Tunisie/ Exclusivité à Nesma : La présidence accusée de violations

Publié le Lundi 09 Novembre 2015 à 17:05
Béji Caïd Essebsi. La décision de la présidence de république d’accorder le droit de retransmission de la cérémonie du Nobel de la paix, en exclusivité à Nesma, chaîne attitrée de Nidaâ Tounes, a fait de l’ombre à la cérémonie en elle-même.

Condamnée par les journalistes et leur syndicat, cette décision représente un grave précédent dans la mesure où elle privilégie une chaîne privée, par rapport au service public, qui devrait avoir la primeur en matière de retransmission de pareils événements à portée nationale, ne serait-ce que par égard  aux contribuables qui paient la redevance TV.  Après le SNJT, c’est la HAICA qui hausse le ton et dénonce "une violation des principes de transparence et de concurrence loyale".

La Haute autorité indépendante de la communication audiovisuelle indique ce lundi dans un long communiqué avoir reçu un courrier de l’établissement de la télévision tunisienne, selon lequel elle a choisi de ne pas assurer la retransmission en direct de la cérémonie du Nobel de la paix, étant donné que la retransmission a été accordée en exclusivité à la chaîne Nesma. Les autres chaînes publiques et privées se sont vues octroyer un signal à travers une fréquence fournie par l’office national de télédiffusion, à la demande de Nesma, selon la HAICA.

La télévision nationale a considéré la décision de la présidence de la république comme "un précédent, étant donné que la couverture de telles manifestations est au cœur des missions du service public".

La Haute autorité considère la décision de la présidence de la république comme étant "une violation des principes de transparence, et de concurrence loyale entre les différents établissements audiovisuels".

"Le fait d’accorder le droit de diffusion à la chaîne privée Nesma, en appelant la chaine publique et les autres chaines privées à s’en référer, constitue une atteinte à la liberté de ces établissements et à l’indépendance de leur ligne éditoriale", souligne l’instance de régulation, affirmant qu’il n’est pas permis d’exclure les médias publics de jouer leur rôle.

La HAICA met en garde contre "la gravité de l’interférence entre l’action politique et l’action médiatique". Elle rappelle avoir évoqué à plus d’une occasion "les soupçons relatifs à l’appartenance du propriétaire de la chaîne à Nidaâ Tounes, ce qui lui a assuré des privilèges particuliers, ayant constitué une violation des principes de compétition loyale, et des règles d’impartialité et de pratique démocratique saine". 

Etant donné que "ces soupçons se sont accumulés, et sont devenus une réalité reconnue par le propriétaire de la chaîne en personne, cette situation requiert de prendre les mesures nécessaires dans les plus brefs délais", assène-t-elle. 

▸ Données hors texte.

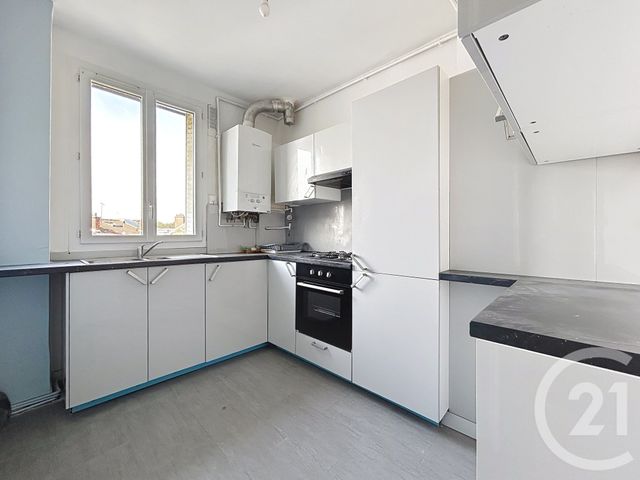 Appartement F2 à vendre - 2 pièces - 42,10 m2 - Vitry Sur Seine - 94 - ILE-DE-FRANCE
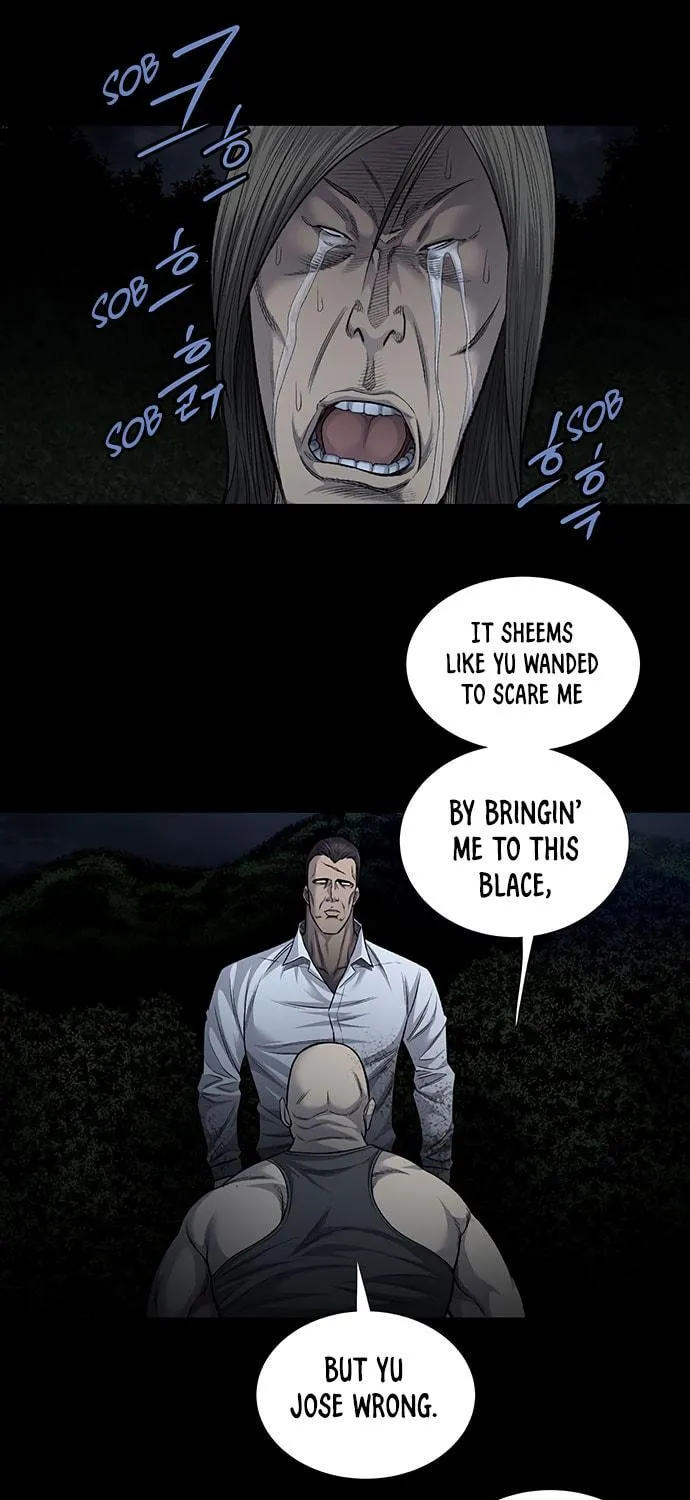 Vigilante Chapter 73 page 35 - 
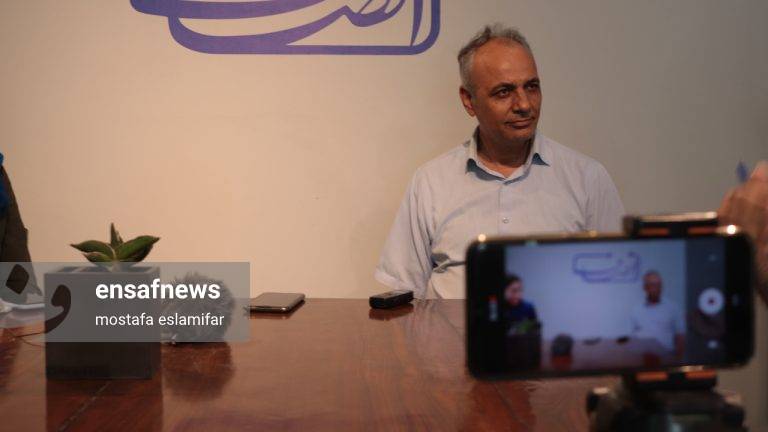 احمد زیدآبادی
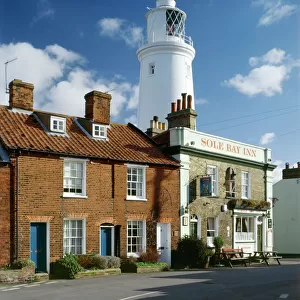 Towns and Cities Collection: Southwold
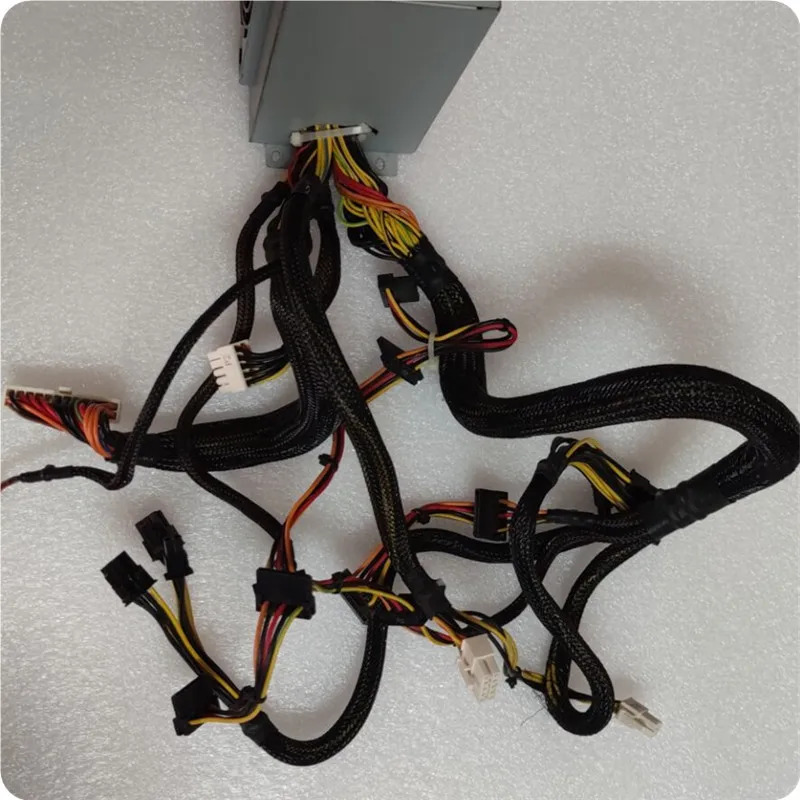 Lenovo호환 ThinkSation D20 1060W 전원공급장치 거오리지널 PSU FS7052 41A9761 41A9762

La HAICA affirme que le fait de ne pas autoriser les journalistes à accomplir leur rôle en matière de couverture et de retransmission en toute indépendance, constitue "un indice grave pouvant conduire à attenter à la liberté et à l’indépendance du travail journalistique".

Elle appelle tous les pouvoirs à respecter les textes juridiques et réglementaires organisant le paysage médiatique audiovisuel, comme à respecter la liberté et l’indépendance du service médiatique public, associatif et privé.

Le bureau exécutif du SNJT avait auparavant annoncé dans un communiqué le boycott de la cérémonie du Nobel de la paix organisée à Carthage et a dit examiner l’éventualité de déposer plainte contre le président de la république, "pour abus de pouvoirs et soupçon de conflit d’intérêts".

La présidence, elle, a reconnu avoir utilisé les moyens techniques et logistiques de la chaîne Nesma en matière de retransmission de cette cérémonie, ne considérant pas cela comme une exclusivité accordée à la chaîne.